I'm now thinking Atlanta or Dallas. Anyone?
thanks,
bruce
@vonskippy:
@bbergman:I picked Fremont because it was close
Close? How so?The Internet is a big place, and unless you're running two-way video or voice, or playing FPS type games, whats a few more milliseconds give or take?
Well, difference in ping between Britain and USA is very noticeable. I become client of Linode only because Linode has data center in London:)
@bbergman:
I think you're missing the point. The DC's are clearly NOT all the same.
I understood you. I put it just as а starting point:)
And I think Dallas, because…
About stability:
Looking at the graphs I see a huge spike for incoming traffic at about that time (8am PST). I'm wondering if someone made a mistake and realized it very quickly after the fact.
@waldo:
Why does it seem that people post in the forums instead of contacting support when they have issues like this? It would be nice to hear from someone at Linode to see if it was a Linode or HE issue and with all of the recent issues in Fremont to see if Linode is doing anything, like how hard they're leaning on HE to straighten their stuff up.

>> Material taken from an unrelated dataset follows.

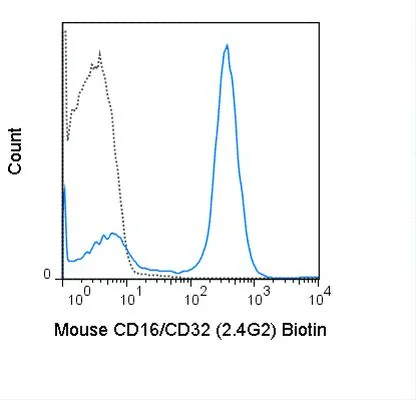 FACS analysis of mouse C57Bl/6 splenocytes using GTX01453-02 CD16 + CD32 antibody [2.4G2] (Biotin).<br>Solid lone : primary antibody<br>Dashed line : isotype control<br>antibody amount : 0.25 ?g (5 ?l)
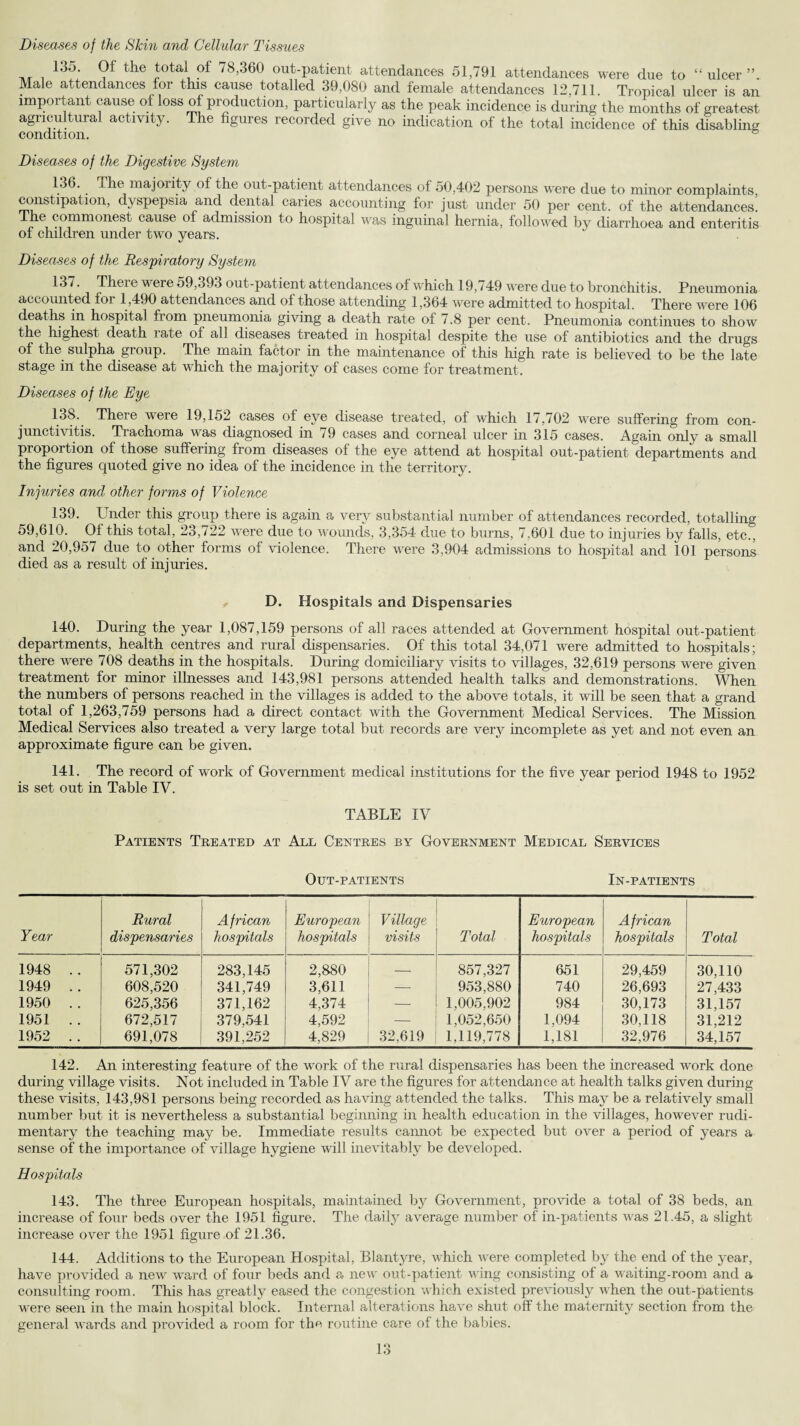 Diseases of the Skin and Cellular Tissues _ , 13°- the Jotal, °f 78,360 out-patient attendances 51,791 attendances were due to t£ ulcer Male attendances for this cause totalled 39,080 and female attendances 12,711. Tropical ulcer is an impoi tant cause of loss of production, particularly as the peak incidence is during the months of greatest agricultural activity. The figures recorded give no indication of the total incidence of this disabling condition. ° Diseases of the Digestive System 136. The majority of the out-patient attendances of 50,402 persons were due to minor complaints constipation, dyspepsia and dental caries accounting for just under 50 per cent, of the attendances’. The commonest cause of admission to hospital was inguinal hernia, followed by diarrhoea and enteritis of children under two years. Diseases of the Respiratory System 137. Theie were 59,393 out-patient attendances of which 19,749 were due to bronchitis. Pneumonia accounted for 1,490 attendances and of those attending 1,364 were admitted to hospital. There were 106 deaths in hospital fiom pneumonia giving a death rate of /.8 per cent. Pneumonia continues to show the highest death rate of all diseases treated in hospital despite the use of antibiotics and the drugs of the sulpha group. The main factor in the maintenance of this high rate is believed to be the late stage in the disease at which the majority of cases come for treatment. Diseases of the Eye 138. There were 19,152 cases of eye disease treated, of which 17,702 were suffering from con¬ junctivitis. Trachoma was diagnosed in 79 cases and corneal ulcer in 315 cases. Again only a small proportion of those suffering from diseases of the eye attend at hospital out-patient departments and the figures quoted give no idea of the incidence in the territory. Injuries and other forms of Violence ^ 139. Under this group there is again a very substantial number of attendances recorded, totalling 59,610. Of this total, 23,722 were due to wounds, 3,354 d.ue to burns, 7.601 due to injuries by falls, etc., and 20,957 due to other forms of violence. There were 3,904 admissions to hospital and 101 persons died as a result of injuries. D. Hospitals and Dispensaries 140. During the year 1,087,159 persons of all races attended at Government hospital out-patient departments, health centres and rural dispensaries. Of this total 34,071 were admitted to hospitals; there were 708 deaths in the hospitals. During domiciliary visits to villages, 32,619 persons were given treatment for minor illnesses and 143,981 persons attended health talks and demonstrations. When the numbers of persons reached in the villages is added to the above totals, it will be seen that a grand total of 1,263,759 persons had a direct contact with the Government Medical Services. The Mission Medical Services also treated a very large total but records are very incomplete as yet and not even an approximate figure can be given. 141. The record of work of Government medical institutions for the five year period 1948 to 1952 is set out in Table IV. TABLE IV Patients Treated at All Centres by Government Medical Services Out-patients In-patients Year Rural dispensaries African hospitals European hospitals Village visits Total European hospitals African hospitals Total 1948 .. 571,302 283,145 2,880 _ 857,327 651 29,459 30,110 1949 .. 608,520 341,749 3,611 953,880 740 26,693 27,433 1950 .. 625,356 371,162 4,374 _ 1,005.902 984 30,173 31,157 1951 .. 672,517 379,541 4,592 — 1,052,650 1,094 30,118 31,212 1952 . . 691,078 391,252 4,829 32,619 1,119,778 1,181 32,976 34,157 142. An interesting feature of the work of the rural dispensaries has been the increased work done during village visits. Not included in Table IV are the figures for attendance at health talks given during these visits, 143,981 persons being recorded as having attended the talks. This may be a relatively small number but it is nevertheless a substantial beginning in health education in the villages, however rudi¬ mentary the teaching may be. Immediate results cannot be expected but over a period of years a sense of the importance of village hygiene will inevitably be developed. Hospitals 143. The three European hospitals, maintained by Government, provide a total of 38 beds, an increase of four beds over the 1951 figure. The daily average number of in-patients was 21.45, a slight increase over the 1951 figure of 21.36. 144. Additions to the European Hospital, Blantyre, which were completed by the end of the year, have provided a new ward of four beds and a new' out-patient wring consisting of a waiting-room and a consulting room. This has greatly eased the congestion which existed previously when the out-patients were seen in the main hospital block. Internal alterations have shut off the maternity section from the general wards and provided a room for the routine care of the babies. lo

Actually, I HAVE created tickets with Support for all of my issues. In fact, the Support folks probably cringe every time I create one.
I came to the forums here because on more than one occasion, the Support folks have told me to look for help here (witness my recent performance issue of about two weeks ago). I think there are some awesomely smart people here, and the more we can share this information and crowd-source solutions, the better.

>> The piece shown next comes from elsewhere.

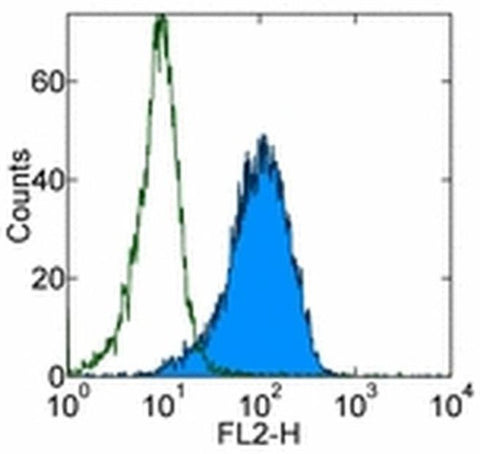 CD140b (PDGFRB) Monoclonal Antibody (APB5), PE, eBioscience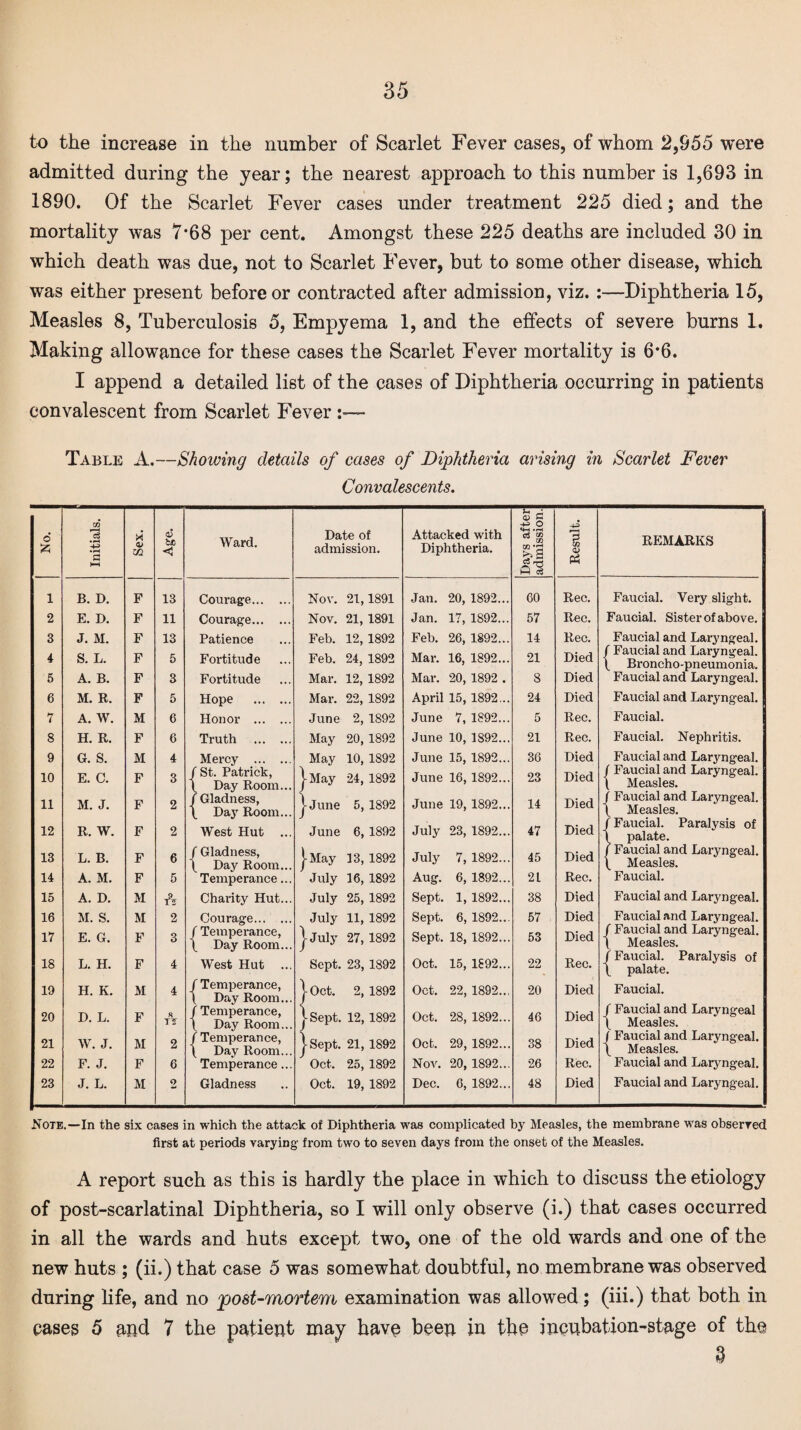 to the increase in the number of Scarlet Fever cases, of whom 2,955 were admitted during the year; the nearest approach to this number is 1,693 in 1890. Of the Scarlet Fever cases under treatment 225 died; and the mortality was 7*68 per cent. Amongst these 225 deaths are included 30 in which death was due, not to Scarlet Fever, but to some other disease, which was either present before or contracted after admission, viz. :—Diphtheria 15, Measles 8, Tuberculosis 5, Empyema 1, and the effects of severe burns 1. Making allowance for these cases the Scarlet Fever mortality is 6#6. I append a detailed list of the cases of Diphtheria occurring in patients convalescent from Scarlet Fever Table A.—Showing details of cases of Diphtheria arising in Scarlet Fever Convalescents. o’ £ Initials. <u Age. Ward. Date of admission. Attacked with Diphtheria. Days after! admission.! Result. REMARKS 1 B. D. F 13 Courage. Nov. 21,1891 Jan. 20, 1892... 60 Rec. Faucial. Very slight. 2 E. D. F 11 Courage. Nov. 21, 1891 Jan. 17, 1892... 57 Rec. Faucial. Sister of above. 3 J. M. F 13 Patience Feb. 12, 1892 Feb. 26, 1892... 14 Rec. Faucial and Laryngeal. 4 S. L. F 5 Fortitude Feb. 24, 1892 Mar. 16, 1892... 21 Died / Faucial and Laryngeal. \ Broncho-pneumonia. 5 A. B. F 3 Fortitude Mar. 12, 1892 Mar. 20, 1892 . 8 Died Faucial and Laryngeal. 6 M. R. F 5 Hope . Mar. 22, 1892 April 15, 1892... 24 Died Faucial and Laryngeal. 7 A. W. M 6 Honor . June 2, 1892 June 7, 1892... 5 Rec. Faucial. 8 H. R. F 6 Truth . May 20, 1892 June 10, 1892... 21 Rec. Faucial. Nephritis. 9 G. S. M 4 Mercy . May 10, 1892 June 15, 1892... 36 Died Faucial and Laryngeal. 10 E. C. F 3 / St. Patrick, \ Day Room... -May 24, 1892 June 16, 1892... 23 Died / Faucial and Laryngeal. \ Measles. 11 M. J. F 2 / Gladness, \ Day Room... 1 -June 5, 1892 June 19, 1892... 14 Died | Faucial and Laryngeal. \ Measles. 12 R. W. F 2 West Hut ... June 6, 1892 July 23, 1892... 47 Died / Faucial. Paralysis of \ palate. 13 L. B. F 6 / Gladness, \ Day Room... -May 13, 1892 July 7, 1892... 45 Died / Faucial and Laryngeal. 7 Measles. 14 A. M. F 5 Temperance... July 16, 1892 Aug. 6, 1892... 2L Rec. Faucial. 15 A. D. M t9* Charity Hut... July 25, 1892 Sept. 1, 1892... 38 Died Faucial and Laryngeal. 16 M. S. M 2 Courage. July 11, 1892 Sept. 6, 1892... 57 Died Faucial and Laryngeal. 17 E. G. F 3 / Temperance, 1 Day Room... 1 -July 27, 1892 Sept. 18, 1892... 53 Died / Faucial and Laryngeal. \ Measles. 18 L. H. F 4 West Hut ... Sept. 23, 1892 Oct. 15, 1892... 22 Rec. / Faucial. Paralysis of \ palate. 19 H. K. M 4 / Temperance, \ Day Room... / Temperance, \ Day Room... 1 -Oct. 2, 1892 Oct. 22, 1892... 20 Died Faucial. 20 D. L. F « IT J -Sept. 12, 1892 Oct. 28, 1892... 46 Died / Faucial and Laryngeal 7 Measles. 21 W. J. M 2 / Temperance, \ Day Room... 1 -Sept. 21, 1892 Oct. 29, 1892... 38 Died J Faucial and Laryngeal. \ Measles. 22 F. J. F 6 Temperance... Oct. 25, 1892 Nov. 20, 1892... 26 Rec. Faucial and Laryngeal. 23 J. L. M 2 Gladness Oct. 19, 1892 Dec. 6, 1892... 48 Died Faucial and Laryngeal. Note.—In the six cases in which the attack of Diphtheria was complicated by Measles, the membrane was obserred first at periods varying from two to seven days from the onset of the Measles. A report such as this is hardly the place in which to discuss the etiology of post-scarlatinal Diphtheria, so I will only observe (i.) that cases occurred in all the wards and huts except two, one of the old wards and one of the new huts ; (ii.) that case 5 was somewhat doubtful, no membrane was observed during life, and no post-mortem examination was allowed; (iii.) that both in cases 5 and 7 the patient may have been in the incubation-stage of the 8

But yes, Support should always be the first stop. And by all means, I would love to hear an official report from Linode on the Fremont DC. The backup problem is getting almost ridiculous, for one…
thanks,
bruce
@bbergman:
Backups failing every day for over two weeks
DNS Manager issues (reporting zones with errors)
Loss of connectivity today
A single storage pool in Fremont has had problems over the past few weeks, which we've been working on to correct.
Part of the solution requires redistributing the data to more storage capacity that was to be added to the pool in question. We encountered some hardware issues which prolonged adding the additional capacity. This was unanticipated, has since been resolved, and now we're in the final stages of moving the data around (which takes a while!). I'd expect the backup service for those affected to resume normal (even better!) operation within the next day. We're working on it.
We have also been discussing our procedures and how we could have handled this situation better - including customer notifications and compensation for the backup service downtime - rest assured that we'll make it right. Again, we're working on it.
The DNS Manager 'check zone' issue is completely unrelated to Fremont
The connectivity issue that was seen today was caused by a BGP session failure, upstream from us. We're working with the Fremont facility to resolve this, but I don't have any additional information at this time.
-Chris
@bbergman:
Fremont seems to have all the problems! As a new Linode user, I picked Fremont because it was close, but so far I've seen:
Backups failing every day for over two weeks
DNS Manager issues (reporting zones with errors)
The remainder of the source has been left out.